Images are to be excluded from the copy, and the records below reproduced word for word.

*Task inputs*.
*** Block opens ***

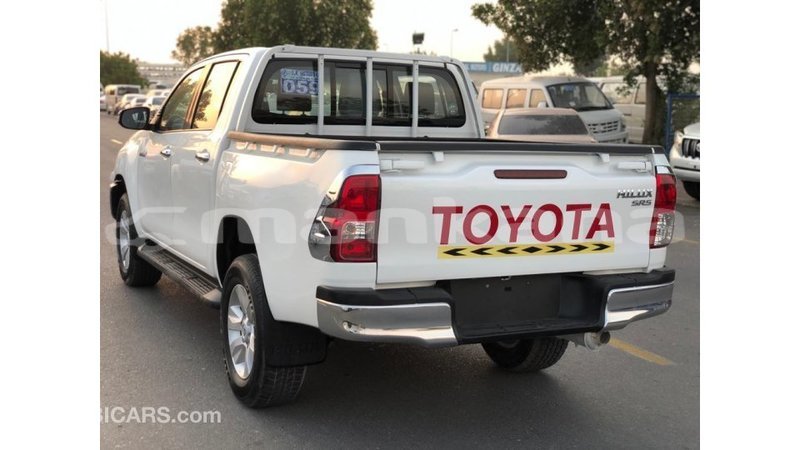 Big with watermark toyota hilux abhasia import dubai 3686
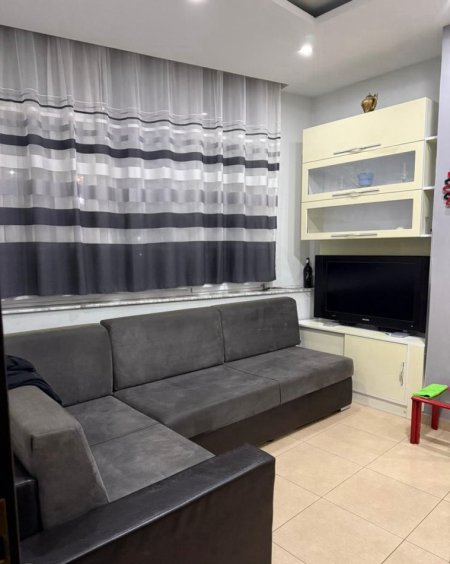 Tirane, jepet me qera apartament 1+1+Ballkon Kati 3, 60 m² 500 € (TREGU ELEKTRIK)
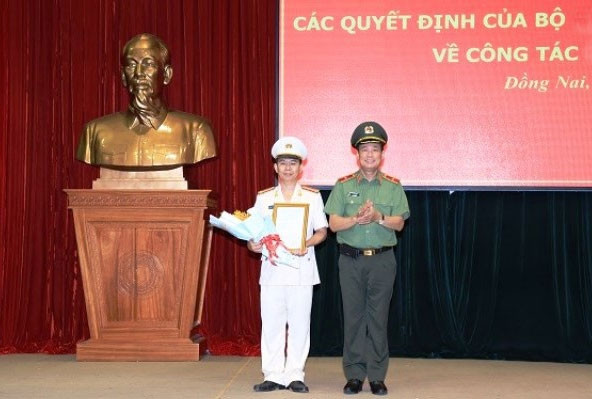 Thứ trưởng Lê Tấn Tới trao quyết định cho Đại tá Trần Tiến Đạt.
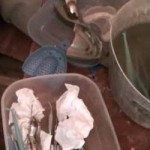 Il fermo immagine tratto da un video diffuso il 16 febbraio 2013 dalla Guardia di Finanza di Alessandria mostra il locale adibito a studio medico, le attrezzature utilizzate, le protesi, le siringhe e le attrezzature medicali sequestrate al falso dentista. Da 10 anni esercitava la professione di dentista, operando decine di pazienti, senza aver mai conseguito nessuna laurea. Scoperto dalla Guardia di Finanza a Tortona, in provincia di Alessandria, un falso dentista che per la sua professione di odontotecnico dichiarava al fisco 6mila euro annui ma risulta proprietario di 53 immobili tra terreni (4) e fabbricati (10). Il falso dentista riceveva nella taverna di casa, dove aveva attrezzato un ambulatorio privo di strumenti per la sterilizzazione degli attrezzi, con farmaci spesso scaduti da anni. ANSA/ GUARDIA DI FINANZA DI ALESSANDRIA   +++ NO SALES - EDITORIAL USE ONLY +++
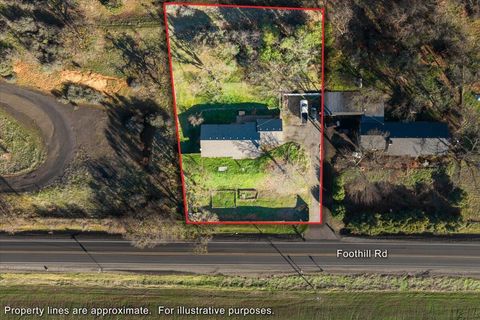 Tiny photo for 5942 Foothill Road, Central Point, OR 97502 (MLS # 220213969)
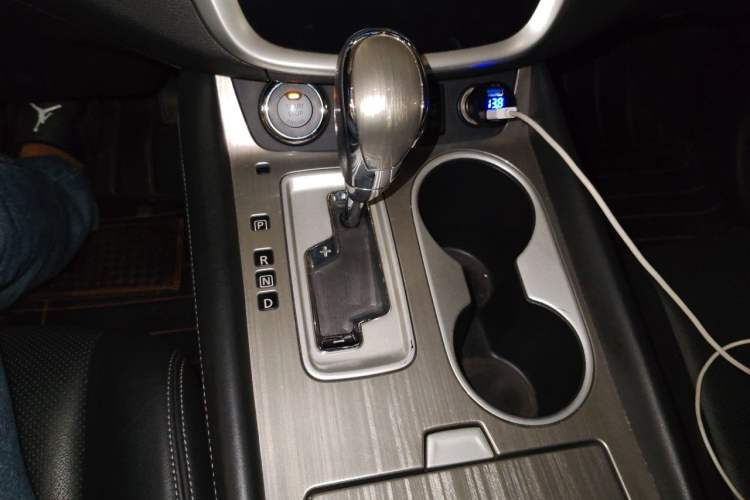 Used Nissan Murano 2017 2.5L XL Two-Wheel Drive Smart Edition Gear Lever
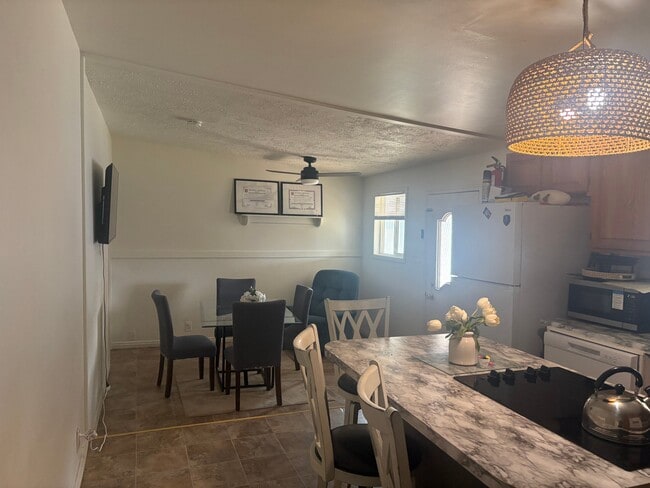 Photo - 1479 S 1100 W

*** Block closes ***

*Result for this exercise*.
 Big with watermark toyota hilux abhasia import dubai 3686
 Tirane, jepet me qera apartament 1+1+Ballkon Kati 3, 60 m² 500 € (TREGU ELEKTRIK)
 Thứ trưởng Lê Tấn Tới trao quyết định cho Đại tá Trần Tiến Đạt.
 Il fermo immagine tratto da un video diffuso il 16 febbraio 2013 dalla Guardia di Finanza di Alessandria mostra il locale adibito a studio medico, le attrezzature utilizzate, le protesi, le siringhe e le attrezzature medicali sequestrate al falso dentista. Da 10 anni esercitava la professione di dentista, operando decine di pazienti, senza aver mai conseguito nessuna laurea. Scoperto dalla Guardia di Finanza a Tortona, in provincia di Alessandria, un falso dentista che per la sua professione di odontotecnico dichiarava al fisco 6mila euro annui ma risulta proprietario di 53 immobili tra terreni (4) e fabbricati (10). Il falso dentista riceveva nella taverna di casa, dove aveva attrezzato un ambulatorio privo di strumenti per la sterilizzazione degli attrezzi, con farmaci spesso scaduti da anni. ANSA/ GUARDIA DI FINANZA DI ALESSANDRIA   +++ NO SALES - EDITORIAL USE ONLY +++
 Tiny photo for 5942 Foothill Road, Central Point, OR 97502 (MLS # 220213969)
 Used Nissan Murano 2017 2.5L XL Two-Wheel Drive Smart Edition Gear Lever
 Photo - 1479 S 1100 W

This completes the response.